This is like a change-making problem, but you don't want the minimum number of "coins", you want to keep track of the number of ways. Furthermore, it is important to note that order matters. Use dynamic programming as follows. Suppose we want to show how to make 10 from sums of 1, 3, 5 where order doesn't matter (i.e. 1 + 3 + 1 + 5 is the same as 1 + 1 + 3 + 5). Make an array indexed to 10 (11 items). You can make 00 in 1 way. All negative indexes can be made in 0 ways.
00 01 02 03 04 05 06 07 08 09 10
1
You then count the number of ways you can make 1. If you subtract coin value 1 from 1 you get 1. If you subtract any larger coin value from 1, you get a negative index which means zero ways. You sum up the results 1 way (subtracting 1) + 0 ways (subtracting 3) + 0 ways (subtracting 5). So we have
00 01 02 03 04 05 06 07 08 09 10
1 1
Take a value of 2. We can subtract 1 cent coin to get 1 of which there is 1 way; 3 cent coin to get -1 of which there is 0 ways; 5 cent coin to get -3 of which there is 0 ways. Total 1 + 0 + 0 = 1 way to get 2 cents.
00 01 02 03 04 05 06 07 08 09 10
1 1 1
For 3 cents, we can subtract 1 to access all the ways of making change for 2 cents, or subtract 3 cents to access all the ways of making 0 cents, or subtract 5 cents to access all the ways of making -2 cents; sum of ways is 1 + 1 + 0 = 2.
00 01 02 03 04 05 06 07 08 09 10
1 1 1 2
For 4 cents, we can do it in 2 + 1 + 0 = 3 ways. However, note that the 3 ways include 1+1+1+1, 3+1, and 1+3. 1+3 and 3+1 are in different categories since they end in different numbers.
Continuing in this manner, we have
00 01 02 03 04 05 06 07 08 09 10
1 1 1 2 3 5 8 12 19 30 47
Now that we see how to construct the numbers, we can look for faster ways of doing so. Note that we have to deal with negative indices for the first few, which is a bit messy, so we might as well start with the first 5 values as given. What we need to calculate now is a recursive function: f(n) = f(n-1) + f(n-3) + f(n-5)
with the condition that f(0),...,f(4)
are given by the table above.
There are many ways to calculate that recursive function. This is where it becomes a real test of depth of knowledge. The naive approach would be to use recursion in the programming language. The first problem would be that your numbers will overflow because f
has exponential growth. You can mitigate that situation for a time by using long
instead of int
. But long
will quickly overflow too, so you'll have to use BigInteger to get exact results for n bigger than (I'm guessing) 20 or so.
Next, using recursive functions will be slow, because calculating f(n)
might involve recalculating smaller f(x)
over and over again. To mitigate that problem, use memoization to store f(x)
for smaller values. Next, you'll experience stack overflow if you try to calculate from larger n
to smaller. If you're calculating for a particular n
, you should build up from lower values, instead of down from higher values of n
.
Next, you'll experience out of memory. You can get around that by not remembering every value of f(x)
as x
increases, but only the last 5
values (in my example). Eventually you'll experience out of memory storing BigIntegers, but there's nothing you can do about that unless the question changes.

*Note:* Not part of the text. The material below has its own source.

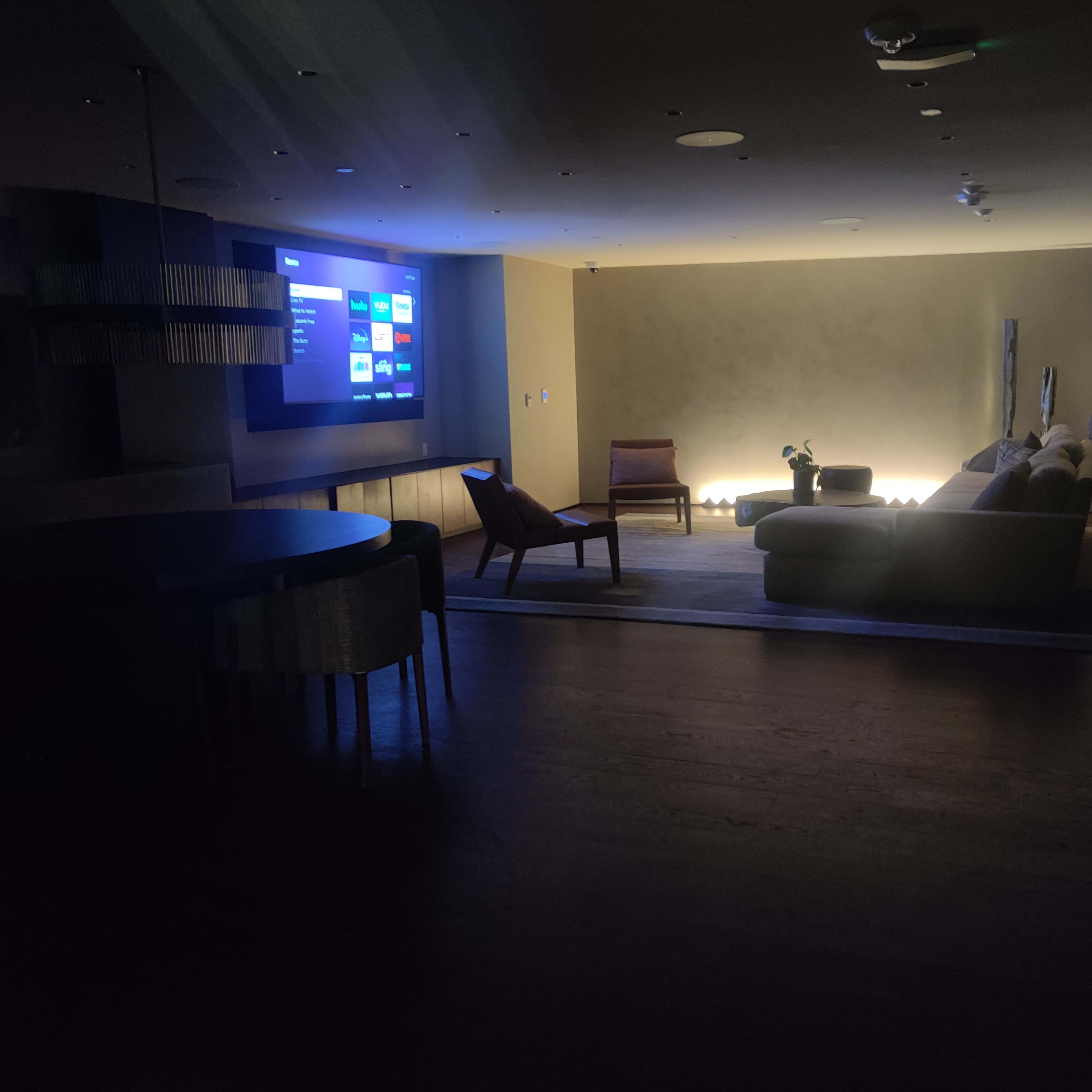 The dimly lit room features a large screen displaying content on one wall, with a sofa and a chair arranged around a low table.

There are some more accelerations you can use if you're looking to improve the speed of the program. f(n)
can be computed in log n
operations rather than n
operations in the following manner. Note that there is a matrix multiplication way of writing the recursion, where at each stage we need to remember 5 values to calculate the next one:
|1 0 1 0 1| |f(n-1)| | f(n) |
|1 0 0 0 0| |f(n-2)| |f(n-1)|
|0 1 0 0 0| |f(n-3)| = |f(n-2)|
|0 0 1 0 0| |f(n-4)| |f(n-3)|
|0 0 0 1 0| |f(n-5)| |f(n-4)|
So we can calculate f(n)
if we can calculate powers of the matrix:
|1 0 1 0 1|^(n-4)
|1 0 0 0 0|
|0 1 0 0 0|
|0 0 1 0 0|
|0 0 0 1 0|
We can accelerate that process by using the binary expansion of n
. Suppose n = 6
, as it would be if we wanted f(10)
. Note that 6 = 4 + 2
in binary. Denote the matrix by M
. We have M^1
. We calculate M^2 = M^1 * M^1
and M^4 = M^2 * M^2
, then M^6 = M^2 * M^4
.
There may be other accelerations, depending on the particular example, but that should get you started.